* ASSIGNMENT *
The answer must consist solely of the lines from the one with "Motorická hračka - Activity" through the last line of the data, copied exactly, with no pictures.

* INFORMATION SHOWN *
=== Begin Enclosure ===

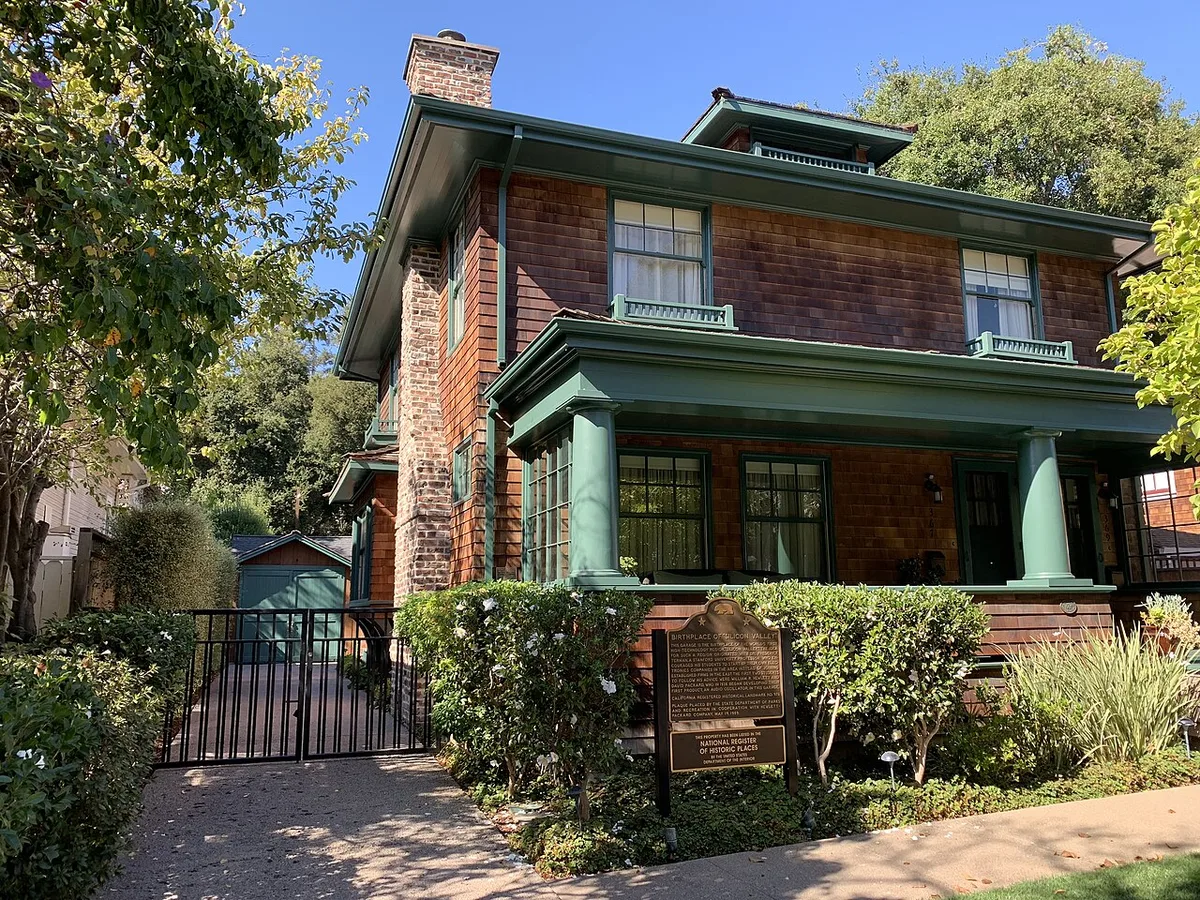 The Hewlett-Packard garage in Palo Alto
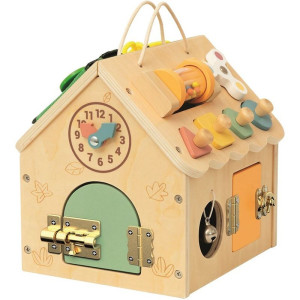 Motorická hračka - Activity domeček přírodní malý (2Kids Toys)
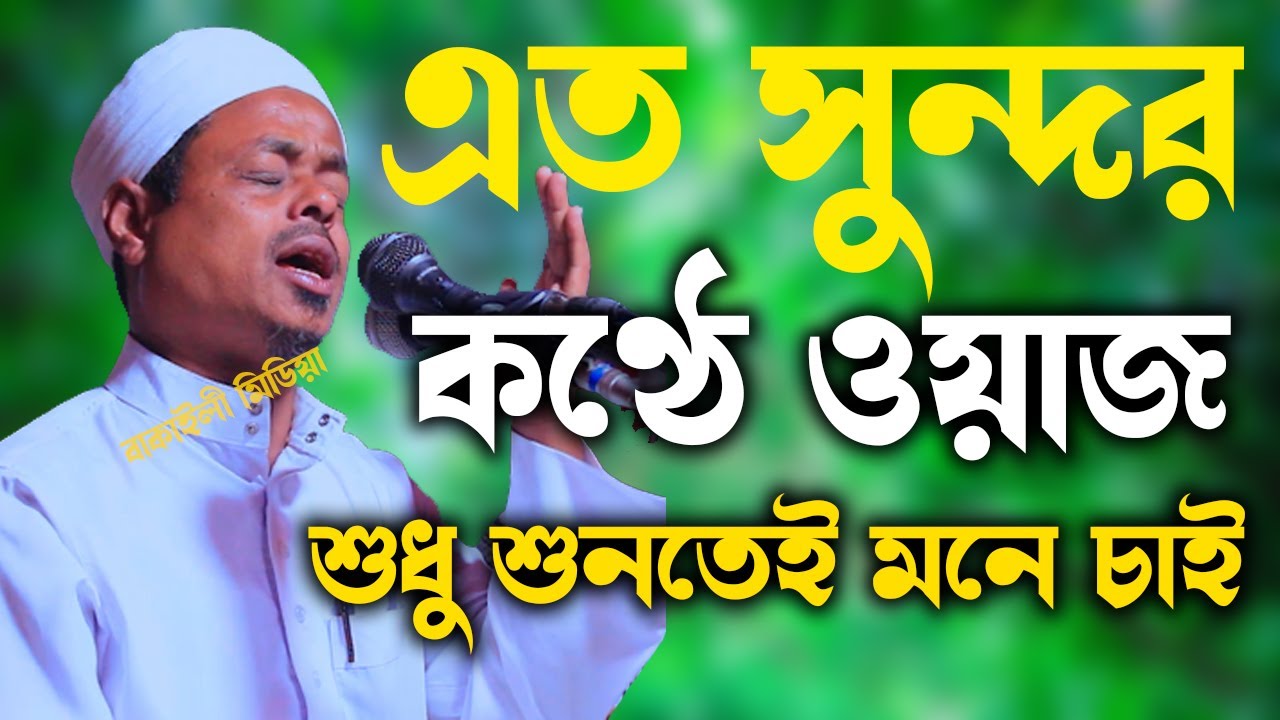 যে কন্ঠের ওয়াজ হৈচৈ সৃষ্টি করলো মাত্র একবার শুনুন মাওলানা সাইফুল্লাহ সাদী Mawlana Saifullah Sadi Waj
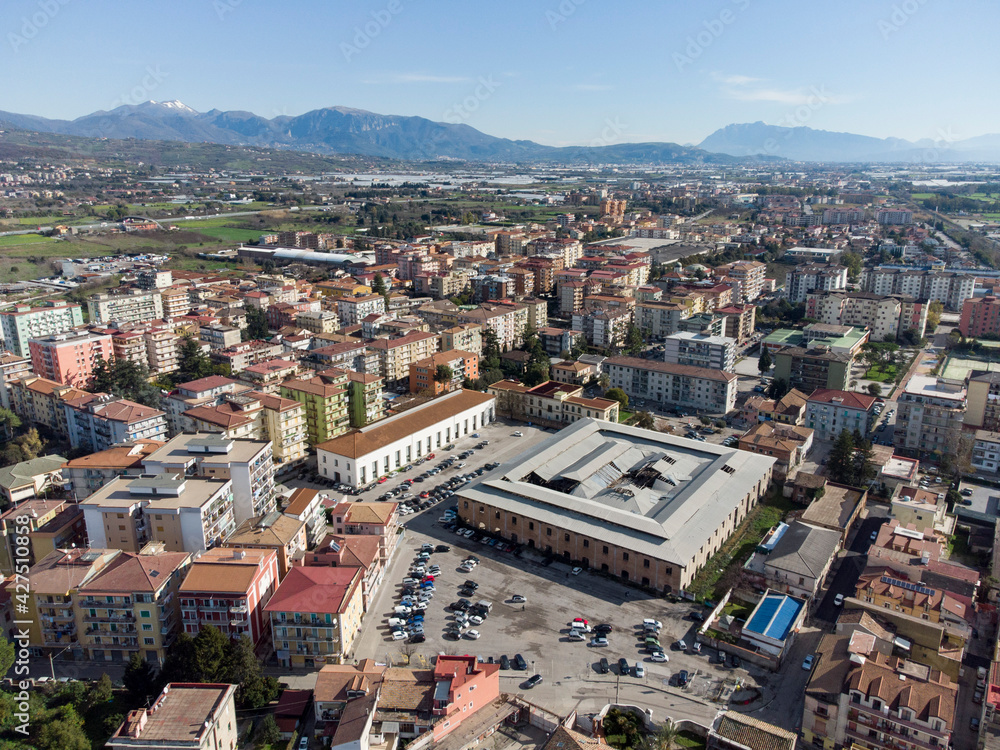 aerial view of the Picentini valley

=== End Enclosure ===

* EXERCISE ANSWER *
 Motorická hračka - Activity domeček přírodní malý (2Kids Toys)
 যে কন্ঠের ওয়াজ হৈচৈ সৃষ্টি করলো মাত্র একবার শুনুন মাওলানা সাইফুল্লাহ সাদী Mawlana Saifullah Sadi Waj
 aerial view of the Picentini valley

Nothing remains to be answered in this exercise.